Repeat each line of the material below exactly as it appears, minus any pictures.

..........

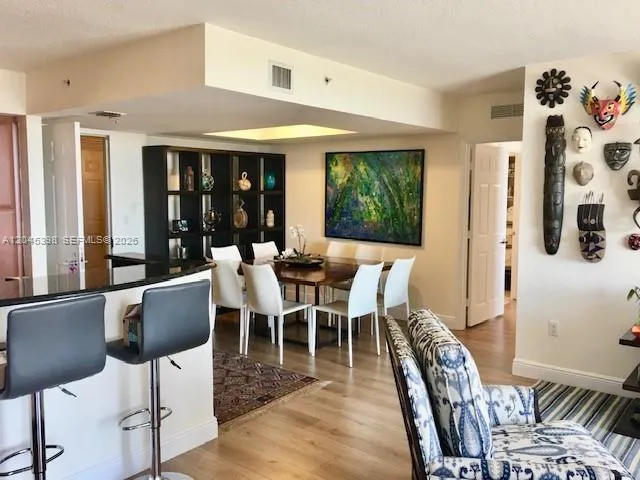 3232 SW 22nd Ter #1303 Miami, FL 33145
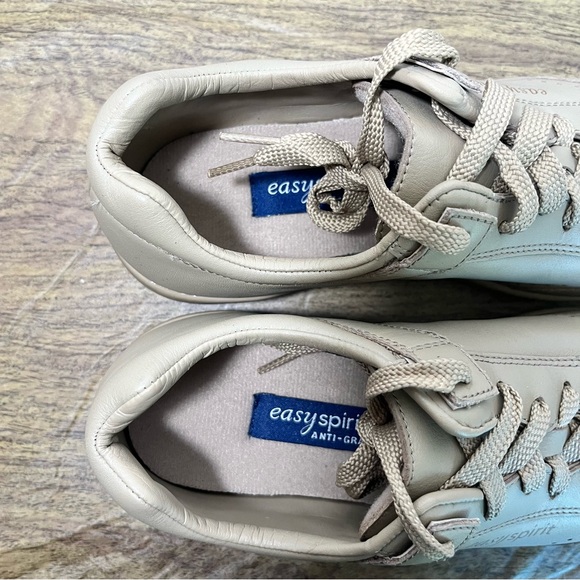 Easy Spirit Anti Gravity Tan Beige Sneakers Size 9W - Picture 11 of 15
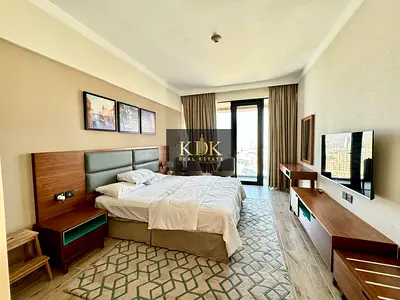 Furnished | Close to Mall | High floor
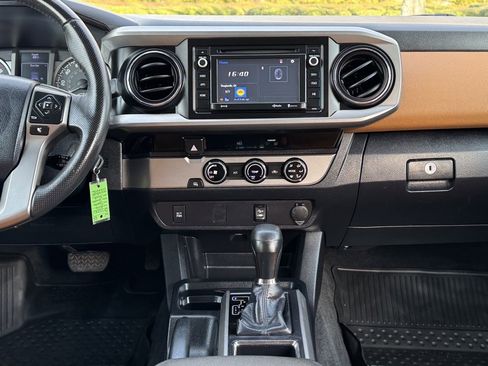 Used 2016 Toyota Tacoma SR5 image 13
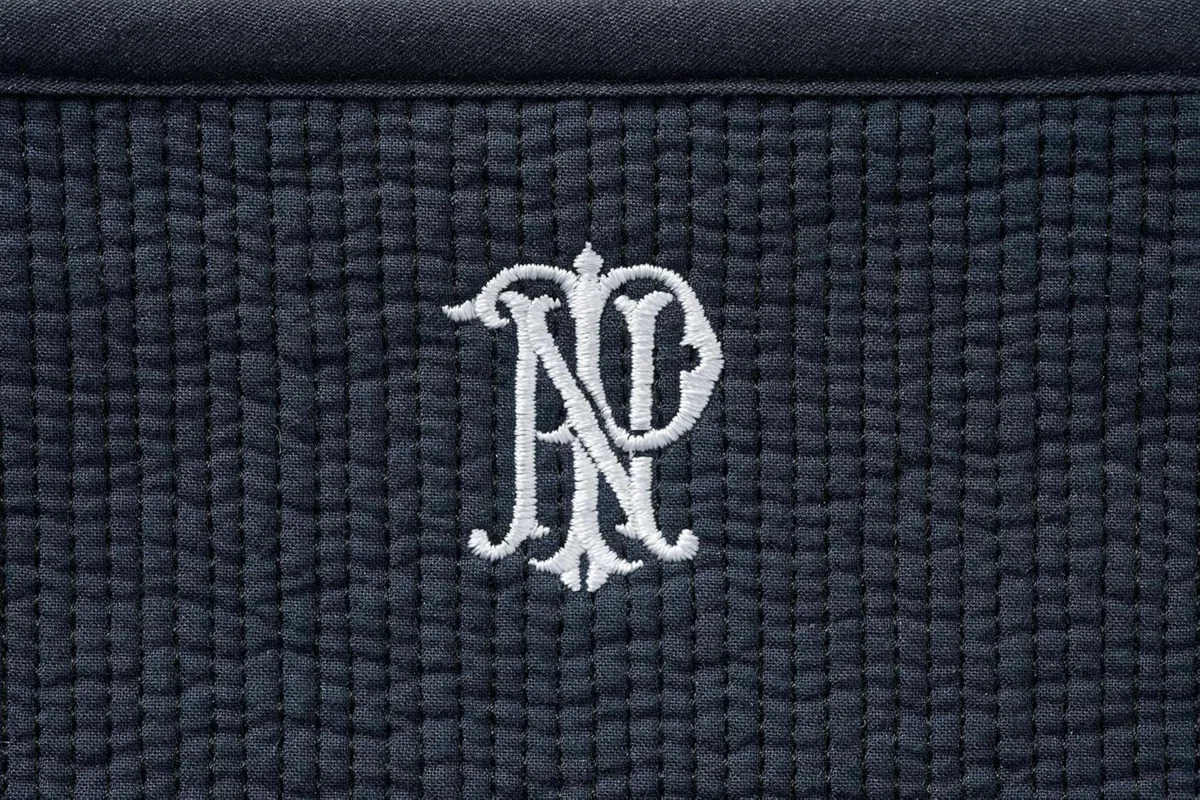 VERY×ピオヌンナル お守りポーチ (3層マルチフラットポーチ)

..........

Output of the exercise |
 3232 SW 22nd Ter #1303 Miami, FL 33145
 Easy Spirit Anti Gravity Tan Beige Sneakers Size 9W - Picture 11 of 15
 Furnished | Close to Mall | High floor
 Used 2016 Toyota Tacoma SR5 image 13
 VERY×ピオヌンナル お守りポーチ (3層マルチフラットポーチ)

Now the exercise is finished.